It's a bit surprising to think of conservatives lusting after notoriety. And yet, close observation reveals exactly that. Conservatives aim to be notorious.
I've actually tried various adjectives to describe their ostentatious, grand-standing, spot-light hogging, obstreperous and often obnoxious behavior. Notoriety occurred to me quite late. Probably because notorious, at least in recent history, seems the very antithesis of conservative. Who can forget the cloth-coat Republicans with whom Richard Nixon identified in contrast to Sherman Adams, who had to resign as Eisenhower's chief of staff over the gift of a vicuña coat to his wife?

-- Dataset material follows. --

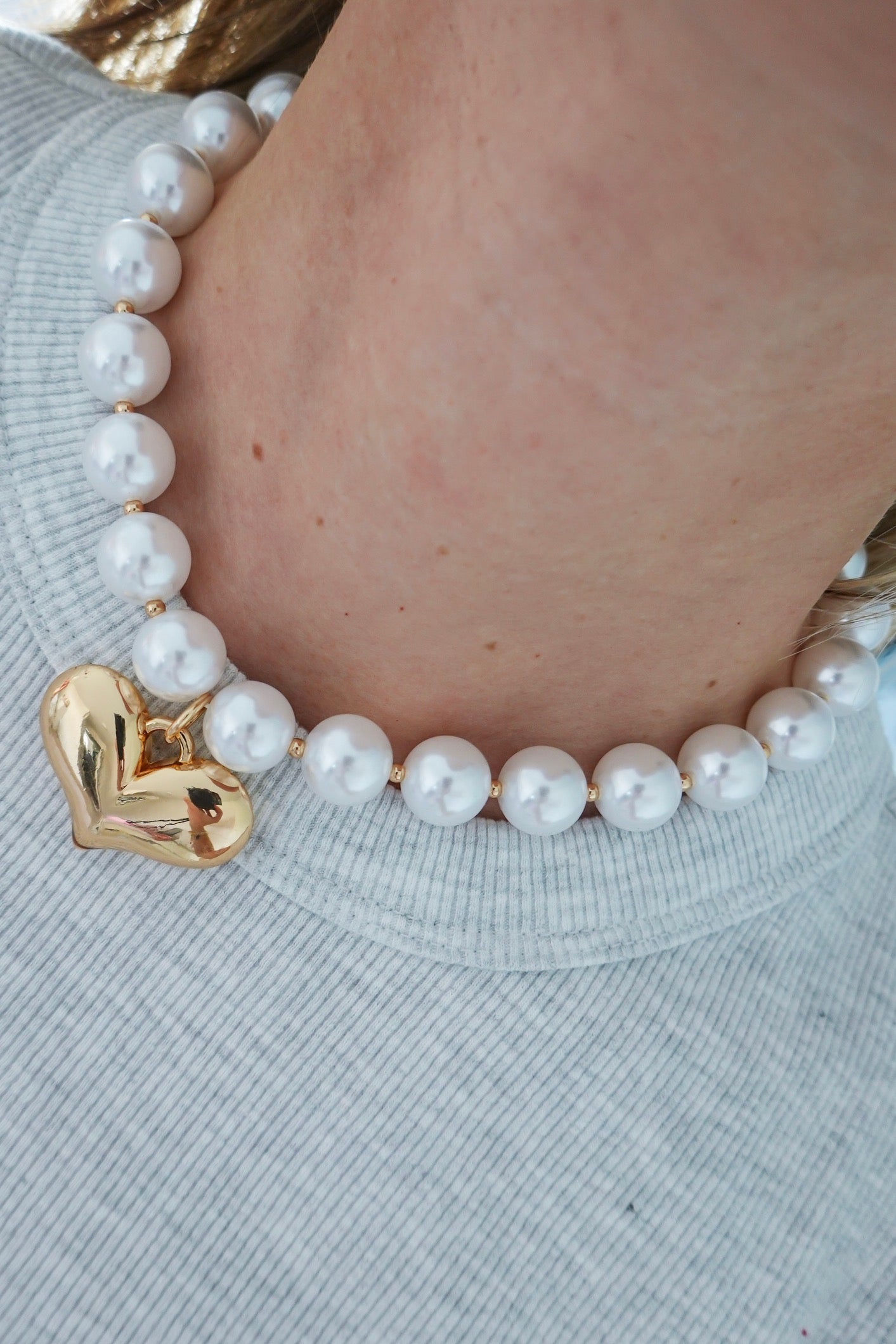 Pearl Chunky Heart Necklace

Of course, the Sherman Adams experience, which Nixon recalled to the end of his days, is sort of a two-fer. It let Nixon pretend to be modest while tooting his own horn and to blame a competitor's political demise on a wife's whim for a fur coat. Perhaps Sherman Adams, who went on to operate a ski lodge in New Hampshire, was actually the last practitioner of honest stewardship. Leaving behind "the flamboyant personalities such as U.S. Senator Joseph McCarthy and anti-Communist crusader Whittaker Chambers" might well have been a relief after six years in the White House.
In any case, reading up on Adams has given me yet another adjective for our recent crop of "conservatives," flamboyant. That's surely a good word to describe the flame-topped Donald.